- **Problem**
An acceptable response holds only the line containing "Horse Riding" and every line after it to the end of the records, each reproduced exactly.

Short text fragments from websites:
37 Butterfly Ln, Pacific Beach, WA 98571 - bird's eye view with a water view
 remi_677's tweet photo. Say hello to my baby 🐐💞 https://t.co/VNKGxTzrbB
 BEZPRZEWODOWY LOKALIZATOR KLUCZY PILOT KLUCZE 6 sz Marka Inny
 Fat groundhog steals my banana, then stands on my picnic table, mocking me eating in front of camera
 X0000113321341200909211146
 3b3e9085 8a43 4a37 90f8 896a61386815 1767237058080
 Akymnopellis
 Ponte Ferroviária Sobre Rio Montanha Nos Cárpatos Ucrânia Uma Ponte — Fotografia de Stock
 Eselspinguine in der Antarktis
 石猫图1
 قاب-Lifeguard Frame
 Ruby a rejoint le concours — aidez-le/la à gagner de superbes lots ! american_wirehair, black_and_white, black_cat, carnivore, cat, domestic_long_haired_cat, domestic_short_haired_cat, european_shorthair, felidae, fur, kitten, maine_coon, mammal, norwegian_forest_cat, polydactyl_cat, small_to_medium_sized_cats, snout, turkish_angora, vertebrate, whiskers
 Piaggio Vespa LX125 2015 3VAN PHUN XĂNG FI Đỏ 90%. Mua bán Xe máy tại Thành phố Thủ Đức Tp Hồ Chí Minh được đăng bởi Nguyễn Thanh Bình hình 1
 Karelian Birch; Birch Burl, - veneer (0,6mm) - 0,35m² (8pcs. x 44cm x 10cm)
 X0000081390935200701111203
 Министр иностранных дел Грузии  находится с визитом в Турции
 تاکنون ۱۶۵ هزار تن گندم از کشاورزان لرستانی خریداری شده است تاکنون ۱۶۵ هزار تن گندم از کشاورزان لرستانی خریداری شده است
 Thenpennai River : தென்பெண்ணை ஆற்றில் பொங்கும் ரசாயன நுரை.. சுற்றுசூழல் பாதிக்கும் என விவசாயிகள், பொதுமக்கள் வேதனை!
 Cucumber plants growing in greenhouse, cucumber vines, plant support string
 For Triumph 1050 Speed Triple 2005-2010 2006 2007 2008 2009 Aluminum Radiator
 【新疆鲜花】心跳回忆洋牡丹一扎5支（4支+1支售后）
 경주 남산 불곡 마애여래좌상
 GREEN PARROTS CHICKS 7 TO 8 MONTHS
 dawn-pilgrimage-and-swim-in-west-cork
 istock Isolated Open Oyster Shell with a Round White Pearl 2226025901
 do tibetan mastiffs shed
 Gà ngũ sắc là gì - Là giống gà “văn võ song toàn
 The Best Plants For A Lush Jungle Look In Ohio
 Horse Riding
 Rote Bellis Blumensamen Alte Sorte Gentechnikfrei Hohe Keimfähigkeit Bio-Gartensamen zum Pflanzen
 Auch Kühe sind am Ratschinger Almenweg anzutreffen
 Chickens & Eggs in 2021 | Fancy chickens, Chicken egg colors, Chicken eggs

- **Task result**
 Horse Riding
 Rote Bellis Blumensamen Alte Sorte Gentechnikfrei Hohe Keimfähigkeit Bio-Gartensamen zum Pflanzen
 Auch Kühe sind am Ratschinger Almenweg anzutreffen
 Chickens & Eggs in 2021 | Fancy chickens, Chicken egg colors, Chicken eggs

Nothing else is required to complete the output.